Hydropower is often treated as a perfectly clean source, but large reservoirs can release significant amounts of methane, a potent greenhouse gas. When a dam floods a valley, the submerged vegetation and organic matter decompose underwater, producing methane that escapes through the water surface and through turbine discharge downstream. One study in the Journal of Geophysical Research estimated that global hydroelectric reservoirs release roughly 2.8 teragrams of carbon per year from their surfaces, plus up to 11 teragrams per year from downstream degassing.

The problem is worst in tropical regions, where warmer water and more organic material accelerate decomposition. A poorly sited tropical dam can have lifecycle emissions approaching those of natural gas. Hydropower in cooler climates with smaller, deeper reservoirs produces far less methane. This means hydropower’s environmental credentials vary enormously from project to project, which is something the average lifecycle numbers don’t fully capture.

Geography Determines the Real Answer

The best renewable energy source for any given location depends on what nature provides there.
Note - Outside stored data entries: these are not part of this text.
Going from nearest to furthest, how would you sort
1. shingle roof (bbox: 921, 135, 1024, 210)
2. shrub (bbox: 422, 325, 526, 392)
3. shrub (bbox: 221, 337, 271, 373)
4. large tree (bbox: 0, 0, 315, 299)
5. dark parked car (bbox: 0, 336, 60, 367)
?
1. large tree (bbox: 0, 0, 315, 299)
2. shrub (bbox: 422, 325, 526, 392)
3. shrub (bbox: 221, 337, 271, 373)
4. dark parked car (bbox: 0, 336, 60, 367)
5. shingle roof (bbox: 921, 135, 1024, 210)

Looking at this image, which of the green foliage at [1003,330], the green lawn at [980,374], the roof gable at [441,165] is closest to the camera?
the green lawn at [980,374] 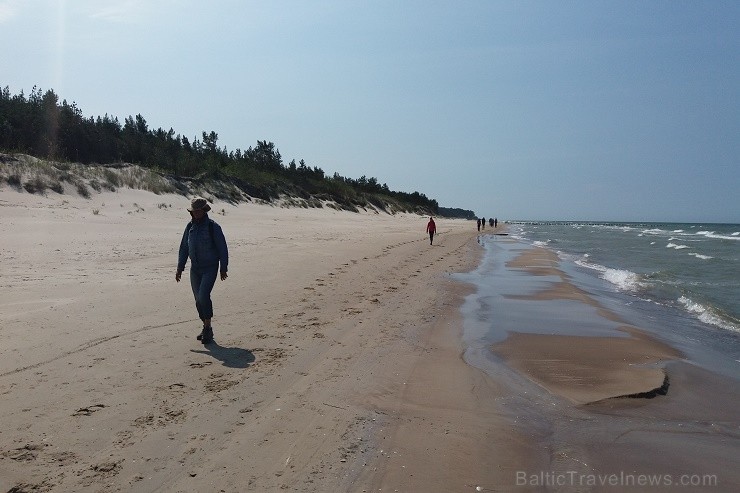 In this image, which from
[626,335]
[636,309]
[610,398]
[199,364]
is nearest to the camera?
[610,398]

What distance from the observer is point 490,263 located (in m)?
19.6

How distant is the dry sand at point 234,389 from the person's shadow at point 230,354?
0.11 feet

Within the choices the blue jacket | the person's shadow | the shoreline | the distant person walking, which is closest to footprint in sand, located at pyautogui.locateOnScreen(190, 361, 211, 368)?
the person's shadow

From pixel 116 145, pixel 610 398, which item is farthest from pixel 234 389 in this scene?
pixel 116 145

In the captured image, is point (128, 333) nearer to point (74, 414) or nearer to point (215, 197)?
point (74, 414)

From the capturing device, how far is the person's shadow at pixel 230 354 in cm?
535

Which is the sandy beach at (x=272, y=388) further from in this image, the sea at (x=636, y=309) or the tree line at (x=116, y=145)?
the tree line at (x=116, y=145)

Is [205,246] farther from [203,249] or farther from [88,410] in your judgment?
[88,410]

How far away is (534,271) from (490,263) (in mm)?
2729

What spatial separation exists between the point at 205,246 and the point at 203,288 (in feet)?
1.70

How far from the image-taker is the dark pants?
242 inches

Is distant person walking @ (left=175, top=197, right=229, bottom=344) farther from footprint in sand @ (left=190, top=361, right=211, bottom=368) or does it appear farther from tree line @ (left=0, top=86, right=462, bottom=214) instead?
tree line @ (left=0, top=86, right=462, bottom=214)

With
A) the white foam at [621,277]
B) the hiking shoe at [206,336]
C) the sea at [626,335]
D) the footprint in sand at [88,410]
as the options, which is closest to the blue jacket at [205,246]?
the hiking shoe at [206,336]

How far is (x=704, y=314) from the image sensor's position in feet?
34.0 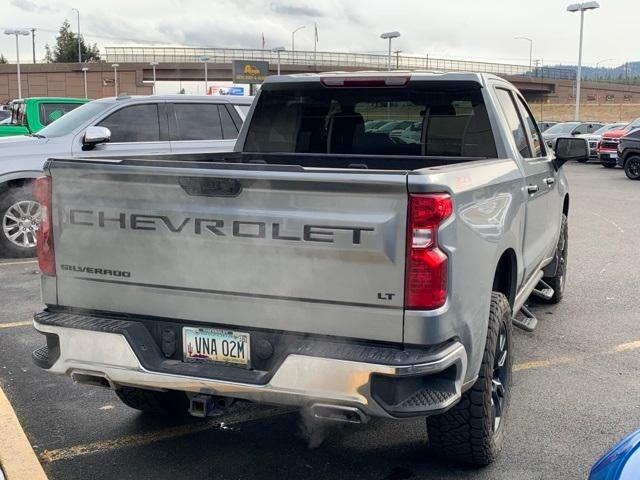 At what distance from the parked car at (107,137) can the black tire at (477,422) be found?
19.1 feet

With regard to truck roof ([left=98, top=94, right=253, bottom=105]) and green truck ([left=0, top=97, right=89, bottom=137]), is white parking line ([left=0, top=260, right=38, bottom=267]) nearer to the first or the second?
truck roof ([left=98, top=94, right=253, bottom=105])

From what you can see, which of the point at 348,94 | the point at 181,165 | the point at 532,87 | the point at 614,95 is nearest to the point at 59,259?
the point at 181,165

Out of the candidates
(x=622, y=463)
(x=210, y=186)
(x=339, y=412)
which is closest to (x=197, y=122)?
(x=210, y=186)

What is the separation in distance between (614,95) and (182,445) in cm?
11238

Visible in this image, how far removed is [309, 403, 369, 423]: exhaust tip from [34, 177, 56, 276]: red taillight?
1.45 meters

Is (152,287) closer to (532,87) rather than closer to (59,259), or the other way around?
(59,259)

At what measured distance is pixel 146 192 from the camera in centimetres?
317

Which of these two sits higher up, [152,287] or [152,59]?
[152,59]

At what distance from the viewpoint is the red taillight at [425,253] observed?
2.81m

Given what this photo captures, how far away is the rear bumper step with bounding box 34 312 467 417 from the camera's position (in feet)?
9.37

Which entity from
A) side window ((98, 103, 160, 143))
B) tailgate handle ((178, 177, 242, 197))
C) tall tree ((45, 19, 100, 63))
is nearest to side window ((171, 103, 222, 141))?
side window ((98, 103, 160, 143))

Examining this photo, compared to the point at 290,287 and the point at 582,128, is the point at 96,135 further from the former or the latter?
the point at 582,128

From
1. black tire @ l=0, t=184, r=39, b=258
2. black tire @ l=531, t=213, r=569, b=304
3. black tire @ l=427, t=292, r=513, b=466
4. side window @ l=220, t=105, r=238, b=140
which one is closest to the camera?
black tire @ l=427, t=292, r=513, b=466

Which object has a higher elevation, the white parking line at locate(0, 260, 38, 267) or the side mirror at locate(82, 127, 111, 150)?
the side mirror at locate(82, 127, 111, 150) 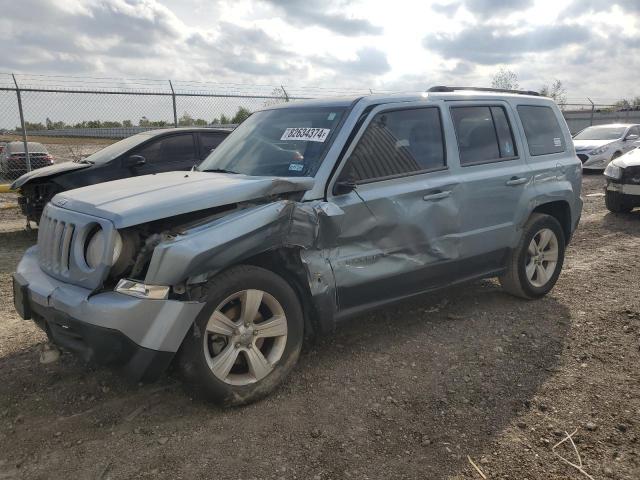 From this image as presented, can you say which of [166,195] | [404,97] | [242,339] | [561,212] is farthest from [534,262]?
[166,195]

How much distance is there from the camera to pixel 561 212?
520 centimetres

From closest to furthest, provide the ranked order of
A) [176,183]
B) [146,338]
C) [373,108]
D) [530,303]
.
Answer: [146,338], [176,183], [373,108], [530,303]

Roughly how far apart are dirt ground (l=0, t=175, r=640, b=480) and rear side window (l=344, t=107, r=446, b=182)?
1.31 meters

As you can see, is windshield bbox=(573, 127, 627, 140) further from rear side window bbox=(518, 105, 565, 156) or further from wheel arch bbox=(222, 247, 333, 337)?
wheel arch bbox=(222, 247, 333, 337)

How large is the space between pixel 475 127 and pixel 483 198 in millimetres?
593

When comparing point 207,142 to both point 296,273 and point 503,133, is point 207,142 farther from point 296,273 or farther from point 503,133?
point 296,273

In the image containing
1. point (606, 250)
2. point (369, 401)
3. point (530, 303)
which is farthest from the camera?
point (606, 250)

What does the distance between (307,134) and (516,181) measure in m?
1.95

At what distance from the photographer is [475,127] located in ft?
14.5

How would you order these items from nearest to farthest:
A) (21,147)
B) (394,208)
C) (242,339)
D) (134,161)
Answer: (242,339)
(394,208)
(134,161)
(21,147)

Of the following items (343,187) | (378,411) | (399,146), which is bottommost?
(378,411)

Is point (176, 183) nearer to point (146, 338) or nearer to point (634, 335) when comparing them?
point (146, 338)

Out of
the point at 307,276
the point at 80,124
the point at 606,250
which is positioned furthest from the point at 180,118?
the point at 307,276

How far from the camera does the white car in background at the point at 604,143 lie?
15086 millimetres
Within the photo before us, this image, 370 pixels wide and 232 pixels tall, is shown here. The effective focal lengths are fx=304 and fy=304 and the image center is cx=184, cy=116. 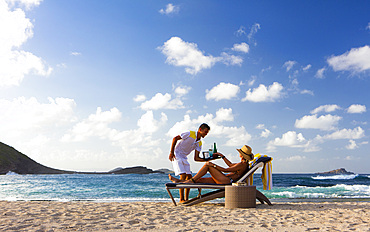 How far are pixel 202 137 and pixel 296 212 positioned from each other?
2.39m

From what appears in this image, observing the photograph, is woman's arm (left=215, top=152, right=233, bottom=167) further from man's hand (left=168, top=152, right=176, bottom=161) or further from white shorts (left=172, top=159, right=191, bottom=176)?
man's hand (left=168, top=152, right=176, bottom=161)

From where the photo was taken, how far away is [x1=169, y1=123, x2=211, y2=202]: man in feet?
21.5

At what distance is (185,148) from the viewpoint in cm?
669

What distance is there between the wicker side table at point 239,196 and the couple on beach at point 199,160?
27 centimetres

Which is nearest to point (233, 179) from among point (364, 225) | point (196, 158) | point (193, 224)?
point (196, 158)

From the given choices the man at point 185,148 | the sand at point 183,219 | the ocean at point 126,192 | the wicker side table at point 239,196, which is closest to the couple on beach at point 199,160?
the man at point 185,148

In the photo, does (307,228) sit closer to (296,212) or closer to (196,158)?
(296,212)

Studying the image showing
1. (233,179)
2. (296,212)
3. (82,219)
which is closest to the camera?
(82,219)

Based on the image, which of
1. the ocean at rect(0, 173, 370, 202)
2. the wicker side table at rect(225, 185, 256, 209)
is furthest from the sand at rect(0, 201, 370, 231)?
the ocean at rect(0, 173, 370, 202)

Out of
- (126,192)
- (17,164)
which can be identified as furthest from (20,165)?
(126,192)

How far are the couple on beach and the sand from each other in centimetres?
63

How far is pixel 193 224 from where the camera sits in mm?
4777

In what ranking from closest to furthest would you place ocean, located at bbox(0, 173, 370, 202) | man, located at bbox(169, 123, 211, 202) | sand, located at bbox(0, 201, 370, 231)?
1. sand, located at bbox(0, 201, 370, 231)
2. man, located at bbox(169, 123, 211, 202)
3. ocean, located at bbox(0, 173, 370, 202)

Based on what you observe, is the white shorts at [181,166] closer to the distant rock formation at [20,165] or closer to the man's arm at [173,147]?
the man's arm at [173,147]
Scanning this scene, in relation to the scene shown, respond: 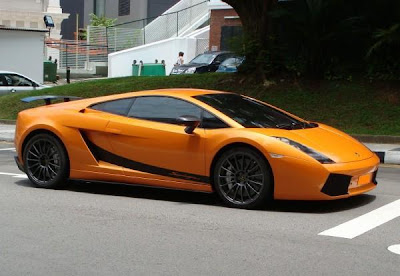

Solar performs best in regions with high solar irradiance: the southwestern United States, the Middle East, northern Africa, and Australia. Onshore wind thrives in the Great Plains, northern Europe, Patagonia, and coastal regions with consistent wind patterns. Geothermal is limited to areas with accessible underground heat, primarily along tectonic plate boundaries like Iceland, parts of East Africa, Indonesia, and the western United States.

Hydropower requires rivers with sufficient flow and elevation drop, making it dominant in mountainous countries like Norway (where it provides over 90% of electricity) and in regions with major river systems. A solar farm in Seattle or a wind farm in a sheltered valley would perform poorly regardless of how cheap the technology is. Resource quality can easily double or halve a project’s output, which means location often matters more than which technology you choose.

What “Best” Actually Looks Like

If you’re asking which single source gives you the most electricity for the least money, the answer in 2025 is utility-scale solar in sun-rich areas and onshore wind in windy ones. If you’re asking which source provides the most consistent power without storage, it’s geothermal. If you’re asking which has the lowest total environmental impact per unit of energy, wind wins on carbon and land use combined.

In practice, the most effective approach isn’t picking one winner. Grids that combine solar and wind benefit from natural complementarity: solar peaks during the day, and wind often picks up at night and during winter months when solar output drops. Adding geothermal or hydropower as a steady baseload source fills remaining gaps. Battery storage smooths out the short-term fluctuations. The question isn’t really which renewable is best. It’s which combination of renewables best fits the geography, budget, and energy needs of a specific place.